Terence C. Halliday
Research Professor Emeritus, American Bar Foundation
Honorary Professor, School of Regulation and Global Governance, Australian National University
Adjunct Professor, Sociology, Northwestern University, USA
Disciplinary Brief
The world confronts enormous problems that very often, perhaps always, require responses beyond the capacity of single national governments or states. Indeed, in my view, we can no longer think about the solution of any vexing problem of any magnitude entirely within the bounds of a single state. Invariably the actors (individuals, organizations, governments) which seek solutions to problems do so through the mechanisms of law.
These laws come in bewildering varieties, not only in their forms, but in the places they apply. Contrast laws promulgated by international organizations, such as UN treaties or the Inter-American Court of Human Rights, or laws produced by national institutions, such as India’s Parliament or Brazil’s administrative agencies, or state laws and municipal ordnances authorized by subnational or local bodies, such as Nigeria’s state governments or the Jakarta city council.
Increasingly these laws are woven together into transnational legal orders (TLOs). These orders penetrate deeply into our national and local “ordinary affairs.” Indeed, I propose that we cannot come to terms with the international order in the 21st C without recognizing that much of the drama in international social, economic and even political orders is not only about state-to-state relations, the classic focus international relations scholarship and practice, but also about the rise and fall, cooperation and competition of TLOs. These orders shape increasingly more expansive zones of social behavior. We are all influenced by many of them, whether or not we are aware of their day-to-day influence in our lives.

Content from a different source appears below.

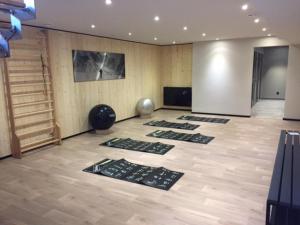 a room with a bunch of mats on the floor at Chamonix Praz Vue Mt Blanc Piscine in Chamonix-Mont-Blanc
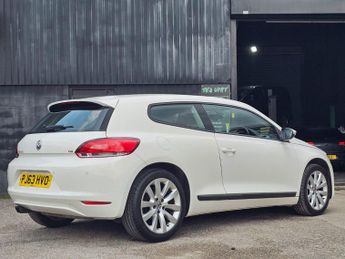 Volkswagen Scirocco 1.4 TSI DSG Euro 5 3dr (Nav)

I have been working on economic and human rights TLOs for a number of years. Nicholas Wolterstorff’s Theology Brief on Justice and Rights (hereafter NWTB) has stimulated me to revisit this work with the fresh theological lens he offers. I seek to apply to TLOs his distinction between first-order justice, which characterizes the everyday and ordinary affairs of our lives, and second-order justice, which responds to violations of first-order justice. I shall offer three propositions about justice and TLOs, each of which raises several questions.
A transnational legal order (TLO) arises when individuals or industries or states or non-profit organizations or international organizations or any other kind of social actor seeks to solve problems that span national borders by legal means. These problems are as wide as the human condition:
If the issue is violence against women in civil conflicts, then a body of law has built up through international tribunals such as the International Criminal Tribunal for the Former Yugoslavia and the International Criminal Court that penetrates into state courts and reaches to warlords and other violators of international humanitarian law.
If the problem is how to save failing businesses, then there is a Legislative Guide on Insolvency produced by the UN Commission on International Trade Law (UNCITRAL) which is more or less reflected in the legislation of many countries in all regions.
If the issue is protecting the world from pandemics, then a complex of global, regional and national rules run from the World Health Organization to regional and national regulatory bodies to local hospitals.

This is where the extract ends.